◆ **ABOUT THIS EXERCISE**
Your copy must hold every line of the records word for word. It must hold no pictures.

Dataset records
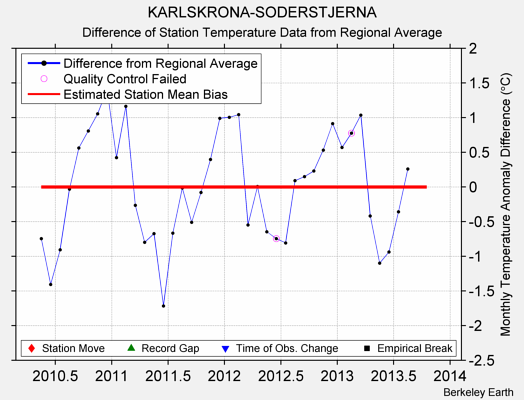 KARLSKRONA-SODERSTJERNA difference from regional expectation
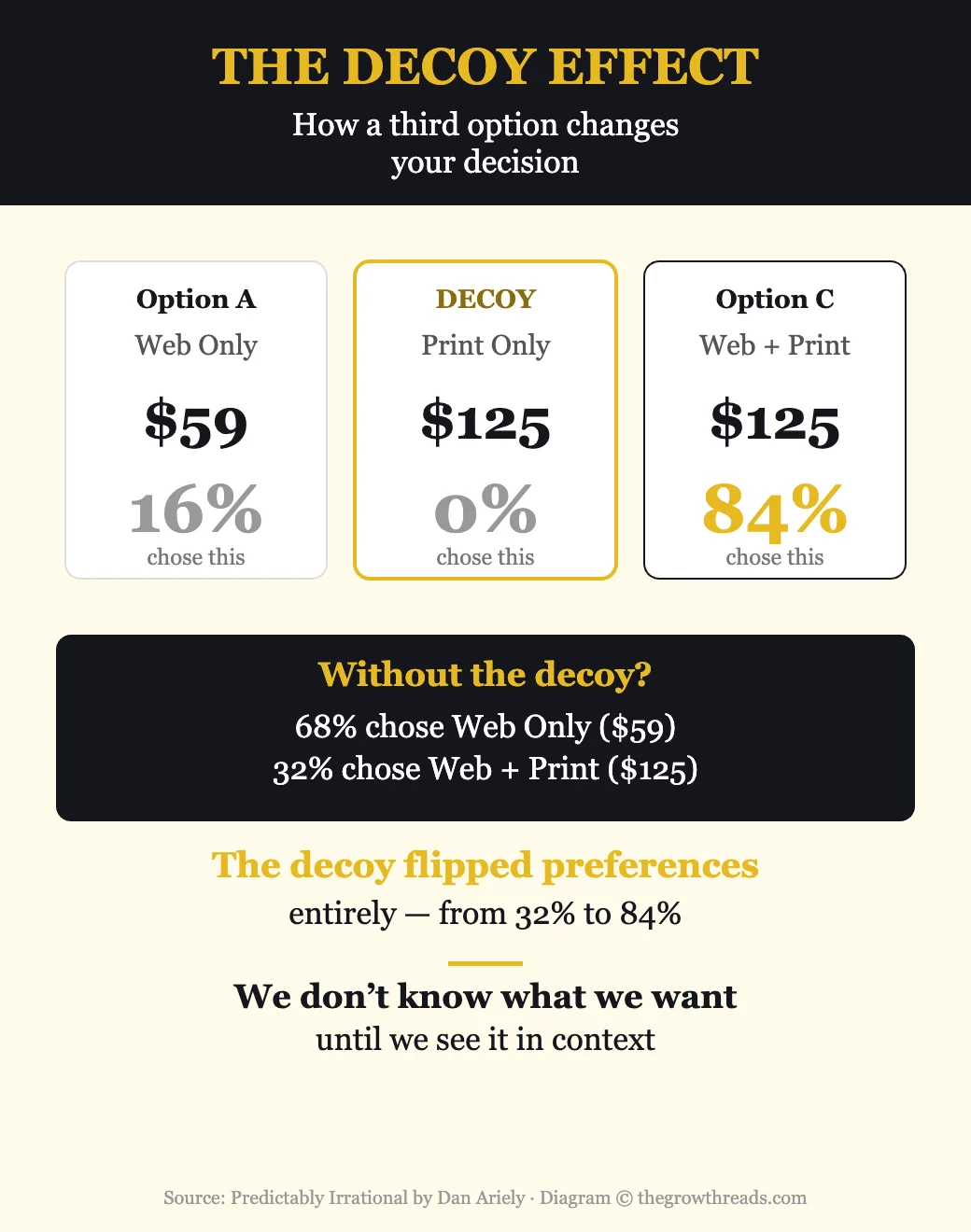 The Decoy Effect diagram from Predictably Irrational — how adding a third option shifts consumer choices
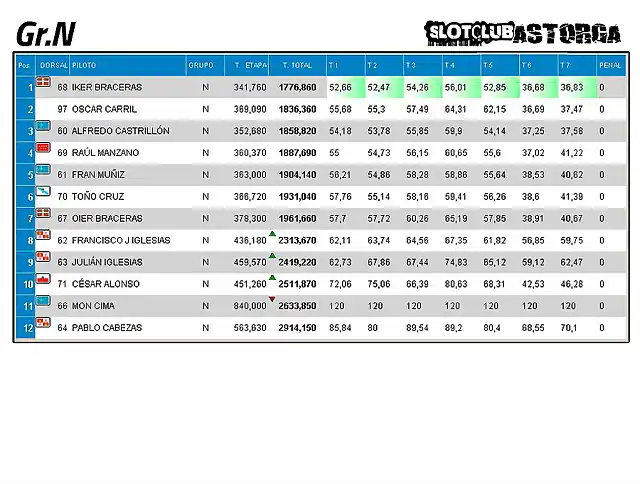 05_Tiempos_GRN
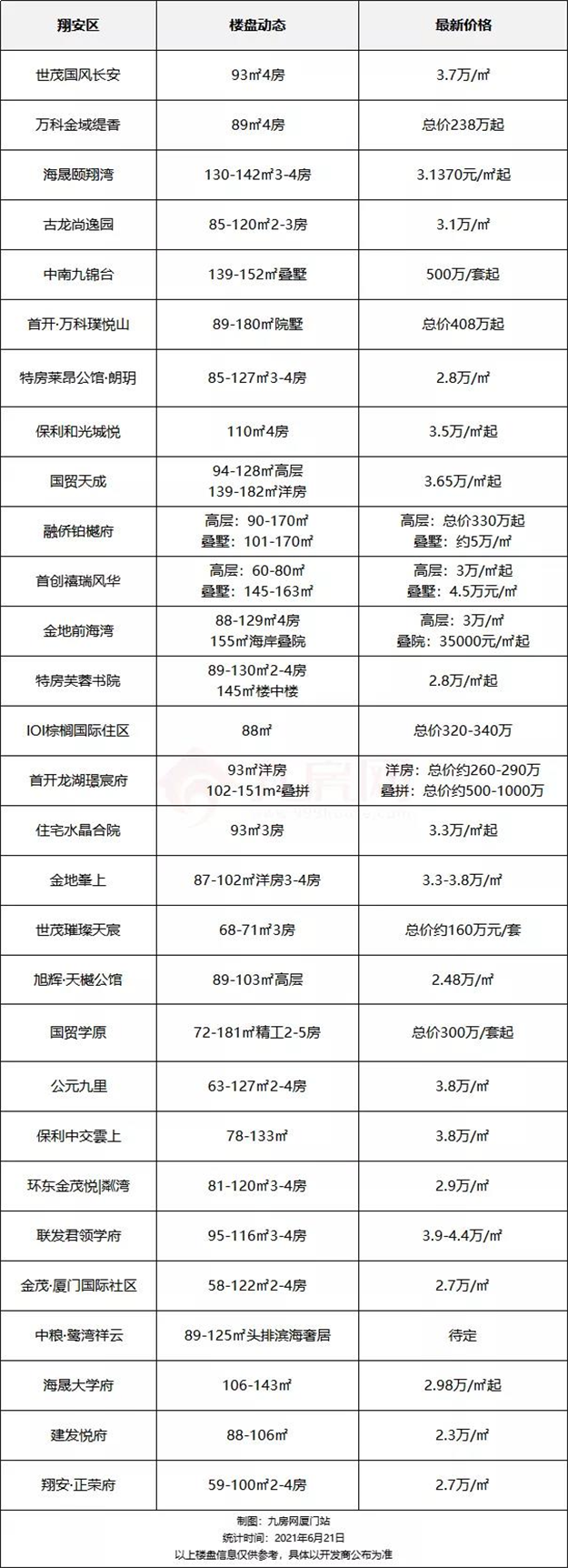 厦门房产,厦门房地产,厦门新房,九房网,厦门房产 厦门房产,厦门房地产,厦门新房,九房网,厦门房产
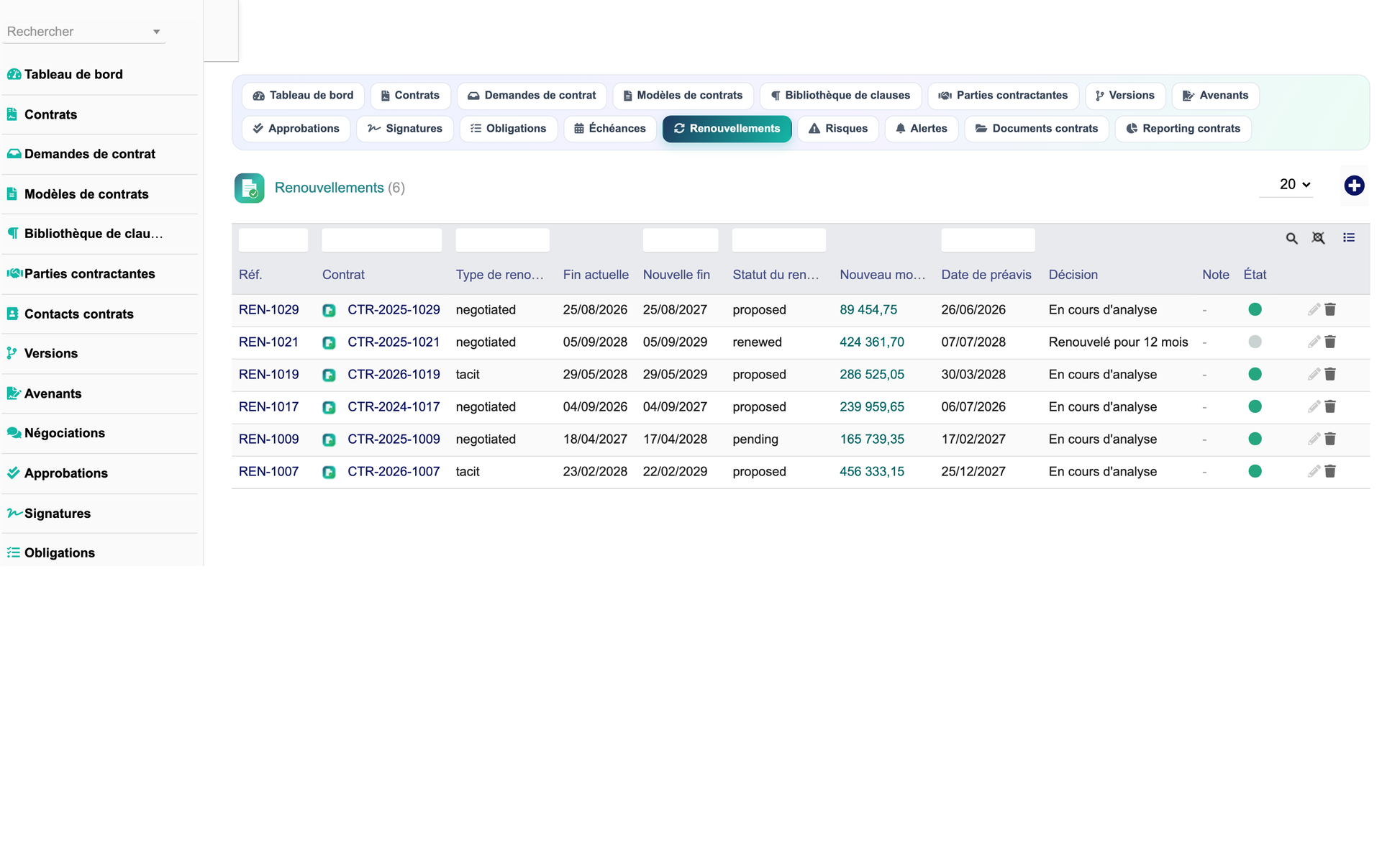 DoliResources - Dolibarr - 16_renouvellements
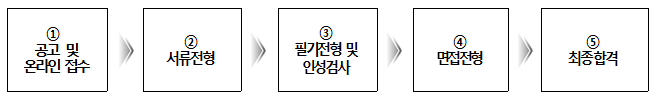 전형 절차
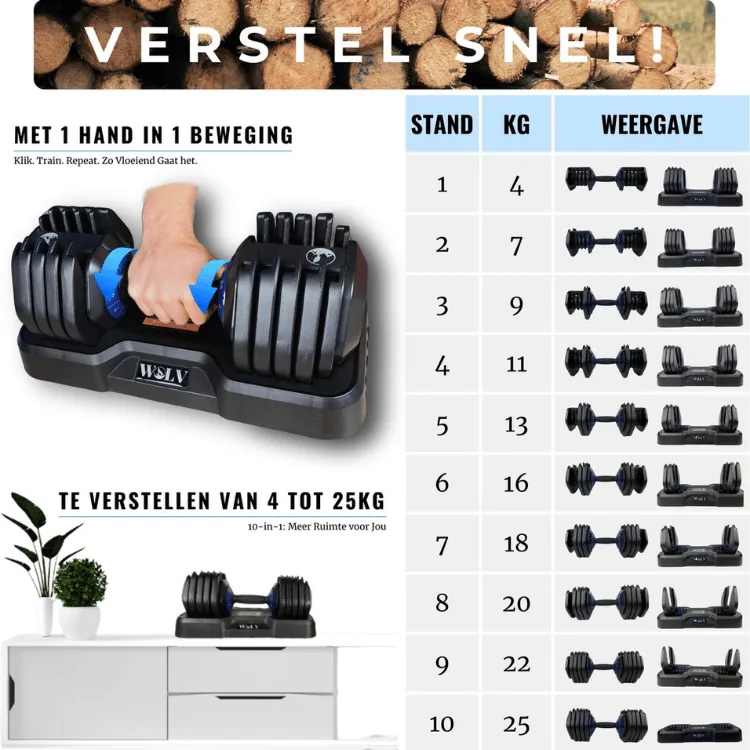 Robuuste verstelbare dumbbells van gietijzer met ergonomische grip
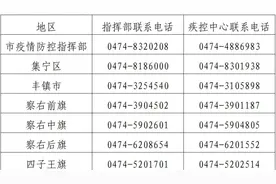 内蒙古多地发通告：加强北京来返人员管控工作，近期不要进京图片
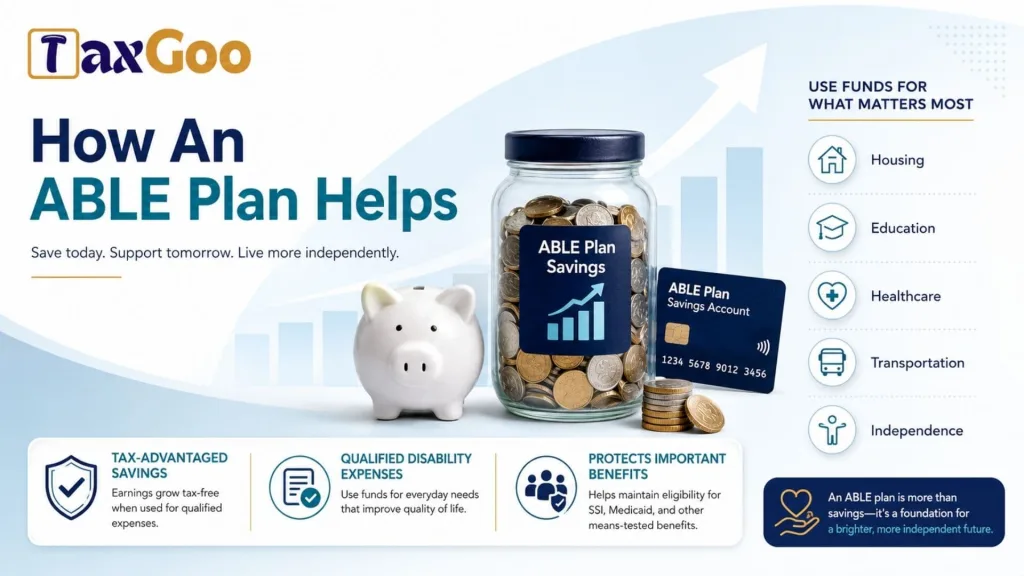 What is an ABLE Plan? 2 What Can ABLE Money Be Used For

◆ **ANSWER SECTION**
 KARLSKRONA-SODERSTJERNA difference from regional expectation
 The Decoy Effect diagram from Predictably Irrational — how adding a third option shifts consumer choices
 05_Tiempos_GRN
 厦门房产,厦门房地产,厦门新房,九房网,厦门房产 厦门房产,厦门房地产,厦门新房,九房网,厦门房产
 DoliResources - Dolibarr - 16_renouvellements
 전형 절차
 Robuuste verstelbare dumbbells van gietijzer met ergonomische grip
 内蒙古多地发通告：加强北京来返人员管控工作，近期不要进京图片
 What is an ABLE Plan? 2 What Can ABLE Money Be Used For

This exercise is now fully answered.